A sharing rule is an automated mechanism in Salesforce that grants record-level access to specified groups of users beyond the Organization-Wide Default (OWD) baseline. Sharing rules can only open access — they never restrict — and they’re the standard way to give one team visibility into another team’s records when the OWD is Private or Public Read Only.
The two types of sharing rules
| Type | Trigger | Use case |
|---|---|---|
| Owner-based sharing rule | Records owned by users in a specific group, role, or territory are shared with another group, role, or territory. | ”Share all opportunities owned by EMEA Sales with the EMEA Support team.” |
| Criteria-based sharing rule | Records matching specific field criteria are shared regardless of owner. | ”Share all High Priority cases with the Tier 2 Escalation group.” |
Both types result in the same outcome — a row in the appropriate *__Share table — and both can grant either Read Only or Read/Write access.
Who can be the recipient
The “shared with” target of a sharing rule can be:
- Public Groups (the most flexible — can include users, roles, roles+subordinates, other public groups)
- Roles
- Roles and Subordinates (a role plus everyone below in the hierarchy)
- Roles, Internal Subordinates (excludes external community users)
- Territories (when Enterprise Territory Management is enabled)
- Portal/Community roles (for external sharing)
You cannot share directly to a list of individual users via a sharing rule — for one-off shares to a specific user, use manual sharing instead.
When sharing rules are even necessary
Sharing rules are pointless if the OWD is already Public Read/Write — everyone can already see and edit. They’re only meaningful when:
- OWD is Private — sharing rules grant Read or Read/Write.
- OWD is Public Read Only — sharing rules can upgrade specific recipients to Read/Write.

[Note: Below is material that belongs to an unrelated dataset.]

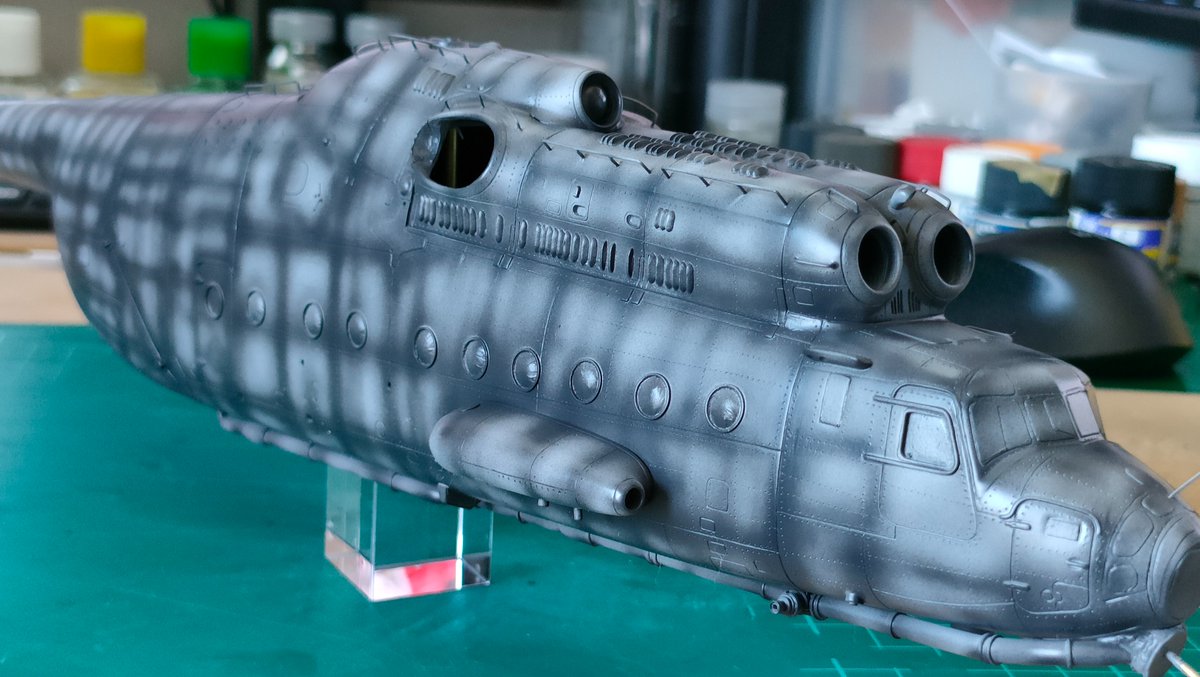 shizukumokei's tweet photo. Mi-6 制作中13

塗装始めました、毎朝少しずつ進めて今ここです。
マーキングも手動マスキングではこの位の精度が限界、ちょっとよれてる気もしますがパッと見では及第点でしょうか。
ギリギリ5月中に完成できるような気がしてきました🙂 https://t.co/OxikdjgoiZ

If you’re seeing a sharing rule on an object with Public Read/Write OWD, it’s leftover from a prior configuration and you can safely remove it.
Real scenario
“OWD for Opportunity is Private. Reps see only their own. The CFO team needs read-only visibility into every opportunity over $1M. How do you set this up?”
The clean answer is a criteria-based sharing rule:
- Create a public group named “CFO Office” containing the CFO and their direct team.

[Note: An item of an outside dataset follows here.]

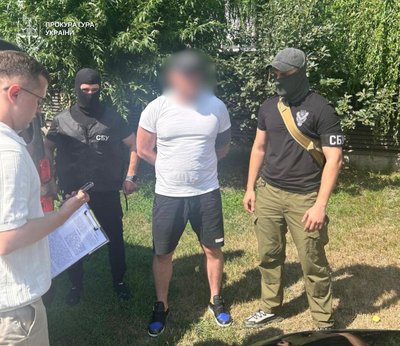 Оборудки на модульних будинках: керівника столичного підприємця підозрюють у заволодінні благодійними коштами Оборудки на модульних будинках: керівника столичного підприємця підозрюють у заволодінні благодійними коштами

- Setup → Sharing Settings → Opportunity Sharing Rules → New.
- Rule type: Based on criteria.
- Criteria:
Amount >= 1000000. - Share with: public group “CFO Office”.
- Access level: Read Only.
Every opportunity that meets the criteria — current and future — is automatically shared. If an opportunity drops below $1M, the rule revokes the share on the next recalculation.

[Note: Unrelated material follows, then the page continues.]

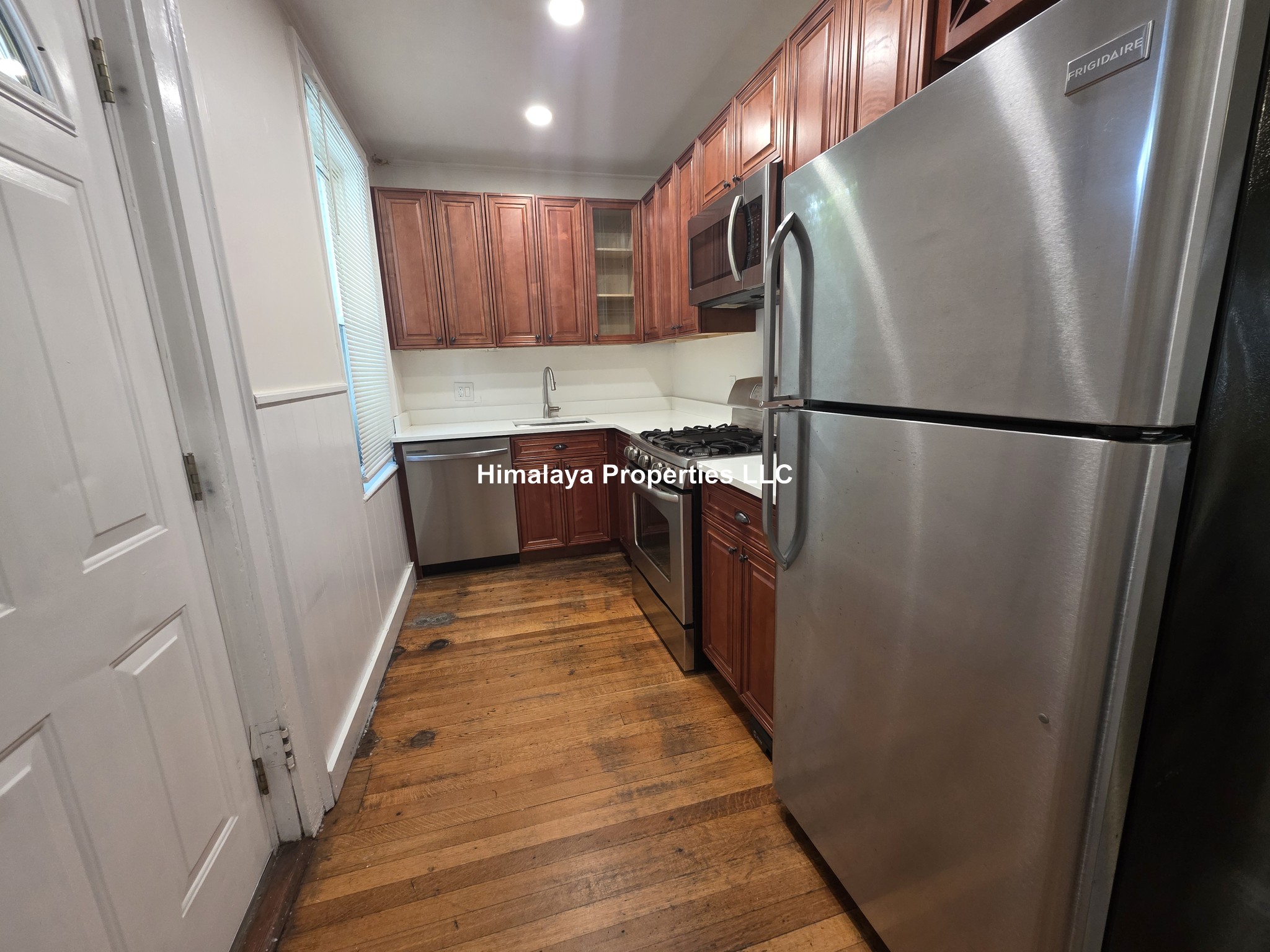 Photos of apartment on Buttonwood St.,Boston MA 02125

Limits to know for interviews
These are the kind of specifics interviewers ask about to gauge depth:
- Per-object limits: 300 sharing rules per object, of which 50 can be criteria-based (older limits were lower; the current published cap is 300/50 per object).
- Up to 500 sharing rules per object can be granted via support exception in some cases — but standard org limits are 300/50.
- Sharing rule changes trigger sharing recalculation in the background, which can take significant time on large orgs.
- Criteria-based rules can use up to 10 criteria conditions combined with AND/OR.
These numbers do shift between releases, so the safe interview answer is: “There are per-object caps — 300 total and 50 criteria-based — and changes trigger recalculation, which on large orgs runs asynchronously.”
Sharing rule vs the other sharing mechanisms
| Mechanism | Scope | Reversible | Triggered by |
|---|---|---|---|
| OWD | Object-wide baseline | Yes (change setting) | Org configuration |
| Role hierarchy | Records owned by direct/indirect reports | Yes (re-parent user) | Hierarchy structure |
| Sharing rule | Groups of records to groups of users | Yes (delete rule) | Owner change or criteria match |
| Manual sharing | One record to one user/group | Yes (remove share) | Owner clicks “Share” on a record |
| Apex sharing | Custom programmatic shares | Yes (delete via Apex) | Trigger or batch logic |
| Team sharing | Account, Opportunity, Case teams | Yes (remove team member) | Team membership |
Verified against: Salesforce Help — Sharing Rules and the Sharing & Visibility Architect resources. Last reviewed 2026-05-17.